I've added the .mobi build to the regular site build. Unfortunately, I'm getting warnings and an output with artifacts:

http://dlang.org/dlangspec.mobi

Will look into it.


Andrei
January 04, 2013
Al 04/01/13 18:17, En/na Andrei Alexandrescu ha escrit:
> On 1/4/13 6:11 AM, Jacob Carlborg wrote:
>> On 2013-01-04 05:32, Andrei Alexandrescu wrote:
>>> On 1/3/13 11:26 PM, Rob T wrote:
>>>> On Friday, 4 January 2013 at 00:59:01 UTC, Andrei Alexandrescu wrote:
>>>>> What's the link?
>>>>>
>>>>
>>>> The bad link is also here, including the Amazon link. http://dlang.org/spec.html
>>>>
>>>> The problem link and the Amazon e-book issue has been mentioned multiple times before and as recently as Nov last year.
>>>
>>> I don't understand what the "issue" is.
>>
>> There's a link on the top of that page, "Mobi ebook", which links to this page
>>
>> http://www.digitalmars.com/d/2.0/dlangspec.mobi
>>
>> That page results in a 404 page.
> 
> Got it, thanks. Will fwd to Walter.
> 
> Andrei
> 

dlangspec.mobi is back! :-)

-- 
Jordi Sayol
January 04, 2013
On 1/4/13 5:44 PM, Jordi Sayol wrote:
> dlangspec.mobi is back! :-)

Did my best to fix it. All, please take a look.

Andrei

January 05, 2013
Al 05/01/13 00:03, En/na Andrei Alexandrescu ha escrit:
> On 1/4/13 5:44 PM, Jordi Sayol wrote:
>> dlangspec.mobi is back! :-)
> 
> Did my best to fix it. All, please take a look.
> 
> Andrei
> 

I found these things:

Data Type Compatibility
http://img.ly/rwtF

Named Character Entities
http://img.ly/rwug

Structs & Unions
http://img.ly/rwum

Trait
http://img.ly/rwup


May only happen in my viewer (calibre for Linux).

Regards,
-- 
Jordi Sayol
January 05, 2013
On Friday, 4 January 2013 at 23:03:32 UTC, Andrei Alexandrescu wrote:
> On 1/4/13 5:44 PM, Jordi Sayol wrote:
>> dlangspec.mobi is back! :-)
>
> Did my best to fix it. All, please take a look.
>
> Andrei

Thanks Andrei!

Calibre on Linux gives me errors when I try to view.

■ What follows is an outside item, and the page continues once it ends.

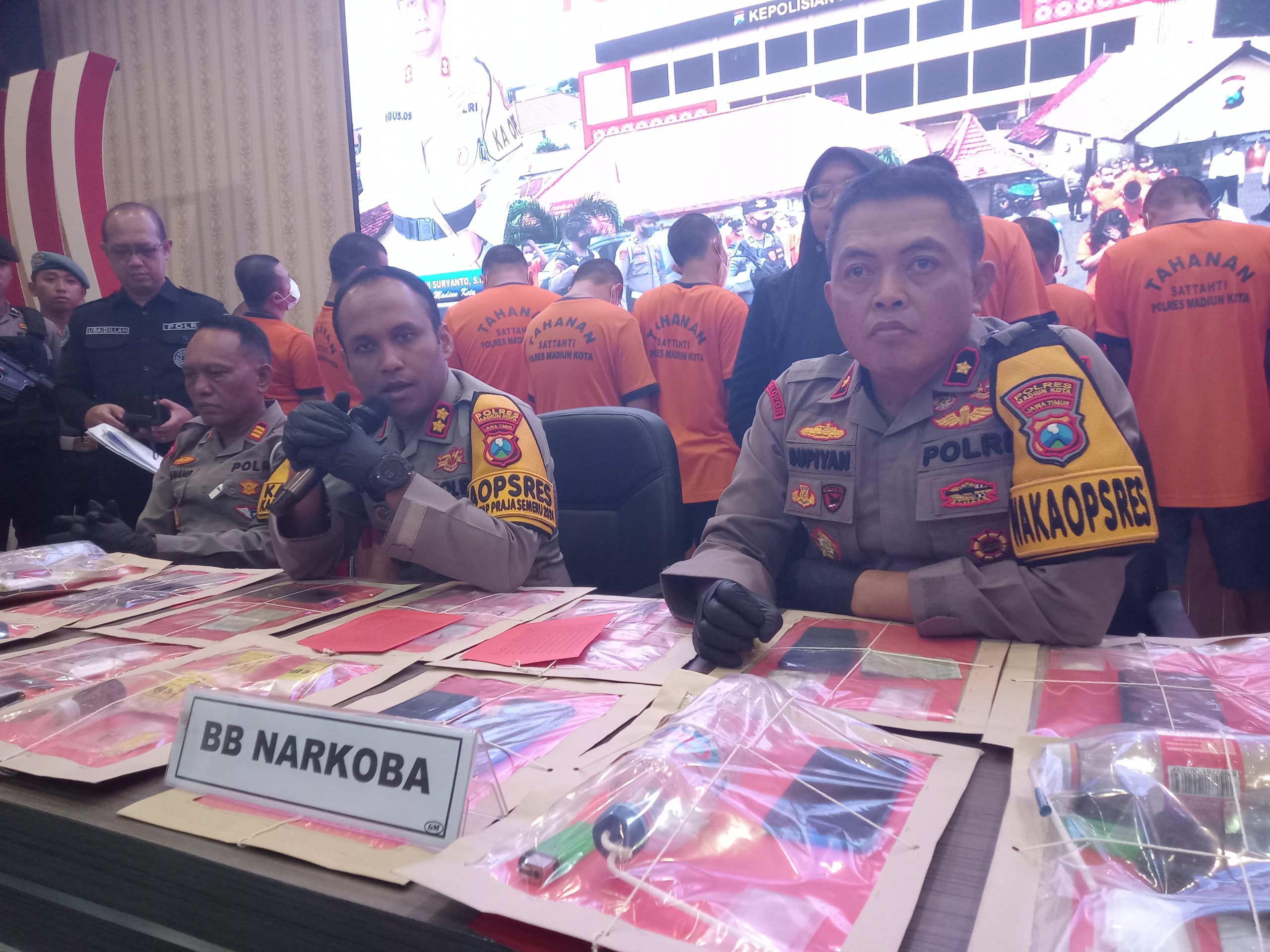 Satresnarkoba Polres Madiun Kota Dua Bulan ini Sukses Ungkap Kasus Penyalahgunaan Narkotika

FBReader opens it OK, but the tables are not formatted correctly and show up flat.

I have not tried on an actual tablet or reader device.

A suggestion is to file it as a bug against the website or documentation and remove the link or note that there may be problems with it until a fix is ready.

--rt
January 05, 2013
On 1/4/13 6:59 PM, Jordi Sayol wrote:
> Al 05/01/13 00:03, En/na Andrei Alexandrescu ha escrit:
>> On 1/4/13 5:44 PM, Jordi Sayol wrote:
>>> dlangspec.mobi is back! :-)
>>
>> Did my best to fix it. All, please take a look.
>>
>> Andrei
>>
>
> I found these things:
>
> Data Type Compatibility
> http://img.ly/rwtF
>
> Named Character Entities
> http://img.ly/rwug
>
> Structs&  Unions
> http://img.ly/rwum
>
> Trait
> http://img.ly/rwup
>
>
> May only happen in my viewer (calibre for Linux).

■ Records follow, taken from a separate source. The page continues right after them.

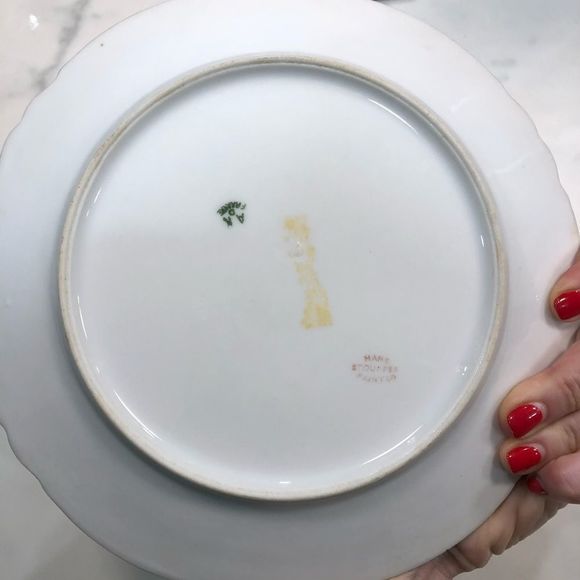 Rare LIMOGES Made in France gold plated plate. - Picture 4 of 4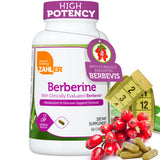 Zahler Berberine vista frontal del envase, claridad de marca y beneficio de apoyo metabólico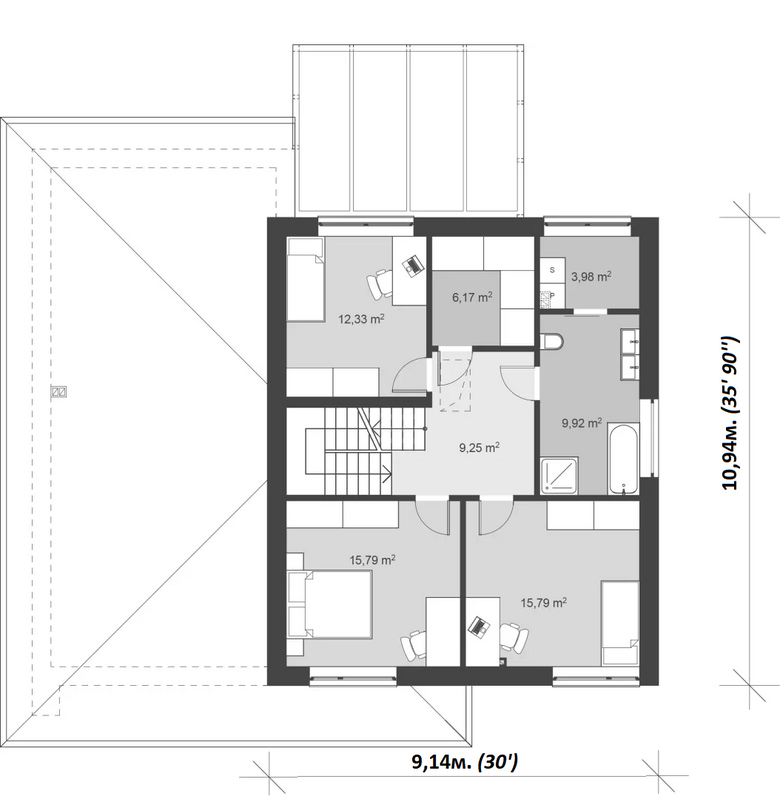 House-project "Pluton" — Photo 11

Thanks a bunch! I made one more pass and fixed the excessively large left and right margins. Then I took a look at each of the issues above with Kindle viewer on OSX, they all work for me.

All - one more look please: http://dlang.org/dlangspec.mobi


Thanks,

Andrei
January 05, 2013
Al 05/01/13 03:05, En/na Andrei Alexandrescu ha escrit:
> On 1/4/13 6:59 PM, Jordi Sayol wrote:
>> Al 05/01/13 00:03, En/na Andrei Alexandrescu ha escrit:
>>> On 1/4/13 5:44 PM, Jordi Sayol wrote:
>>>> dlangspec.mobi is back! :-)
>>>
>>> Did my best to fix it. All, please take a look.
>>>
>>> Andrei
>>>
>>
>> I found these things:
>>
>> Data Type Compatibility
>> http://img.ly/rwtF
>>
>> Named Character Entities
>> http://img.ly/rwug
>>
>> Structs&  Unions
>> http://img.ly/rwum
>>
>> Trait
>> http://img.ly/rwup
>>
>>
>> May only happen in my viewer (calibre for Linux).
> 
> Thanks a bunch! I made one more pass and fixed the excessively large left and right margins. Then I took a look at each of the issues above with Kindle viewer on OSX, they all work for me.
> 
> All - one more look please: http://dlang.org/dlangspec.mobi
> 
> 
> Thanks,

Great work! All these things properly shown on Calibre too.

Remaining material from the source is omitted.